“Of course you are,” I say soothingly. “But you’re causing a panic on the ship, so it is time to go back to our room. I don’t want to hear any arguments.”
“He’s not who you think he is!” She panics and starts throwing accusations around wildly. “Don’t you think it’s weird he’s in his underwear?”
The crew look at me, and for the first time, notice that yes, I am technically only wearing what most would call underwear. In the eyes of the others, I am wearing business attire. Each of themsees slightly different details, but overall they can be certain that I am looking refined and appropriate.
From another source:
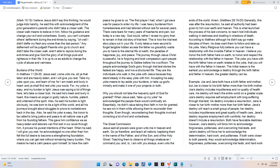According to Matthew although he didn't say go make disciples of them, he does want them to follow and take up his yoke. Many religiousfully believe you can have a relationship with the invisible Father in heaven. I believe you honor the birth father here on earth, to honor and respect the relationship with the Father in heaven. The yoke you have with the birth father here on earth relates to the yoke, that you will have with the Father in heaven. The initial reason is the earliest you acknowledge a destiny through the birth father and father in heaven, the greater destiny can be.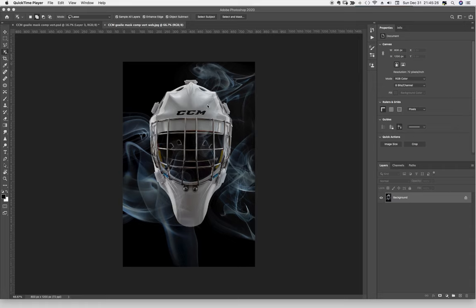As you can see, I lit it from behind — that's why it's fairly dark in the front and lit brightly along the edges. This was suspended from a horizontal stand, and behind the helmet was a black fabric material, and then a light was behind that. That's how I get the rim lighting, as we call it.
I don’t even look like a Psyon to most of them.
Unfortunately, the illusion breaks when it is pointed out. I am going to have to train her not to do that. In certain circumstances, that could be wildly dangerous.
“Let me take my pet back to my quarters and get into more suitable attire,” I say. “I did not have enough time to dress properly when I realized she was missing.”
They accept this, because of course they do. My influence is already back upon them.
I pick my pet up, throw her over my shoulder, and carry her back to the cabin. I might have to stay with her here until we depart if she’s going to try to escape. I would have thought she’d be pleased to be part of this expedition with me, but my powers seem to be slightly slippery where she is concerned. Humans really are a particular kind of animal.
I put her down in the room, shut the door, and turn to face a barrage of questions.
“What the fuck can you do? Is it some kind of psychic power? They didn’t know you were in your underwear until I said it,” she says. “I saw that on their faces. And there’s more, too. You can fuck with minds, can’t you? I want to know what, and how, or it’s not fair!”
She is not the only one with questions.
“Why were you trying to leave the ship?”
“Because I want my stuff from my ship.”
“The flooded ship that will have almost certainly destroyed everything inside it that was organic or electronic, which is most things? The ship that is, right now, well over three lightyears away?”
“Yes,” she says.
“That ship is a death trap. It has almost certainly been destroyed by the station fire department. I’m sorry, but what you had has been lost.”
Her face crumples, though she tries very hard to straighten it out and seem brave.
“What did you want from it?”
“Books.”
They’ll be space mulch by now.
“We may be able to find other copies.”
“I doubt it,” she says. “They were special.”
“I am sorry,” I say. “So much of life is having and then losing special things. But we have to move forward, pet. There is no going back, not to what was, or to who we were.”
She rejects my attempt at comfort with a scowl. “Is that garbled nonsense supposed to mean something?”
She is a salty little thing, with a sharp tongue. I would like to soften that a little, because it is verging on disrespectful. Actually, no. It’s not verging. It’s taking a giant leap directly into a large vat of disrespect.
“It means accept your fate.”
She treats me to a very agitated expression. “No,” she says. “I won’t.”
“I could spank you until you cried.”
“I could stab you.”
Fair. Threats beget threats. Better to show her what is going to come her way if she does not settle. I take a breath and recalibrate. It is ridiculous for one such as I to become embroiled in a power struggle with a simple little human like her.
“You’re not going anywhere,” I tell her. “I won’t allow it. The amount of danger you are in at all times as an unattended human cannot be overstated, and I think you know it. There’s a decent chance that you could have been taken in that net to the kitchen.”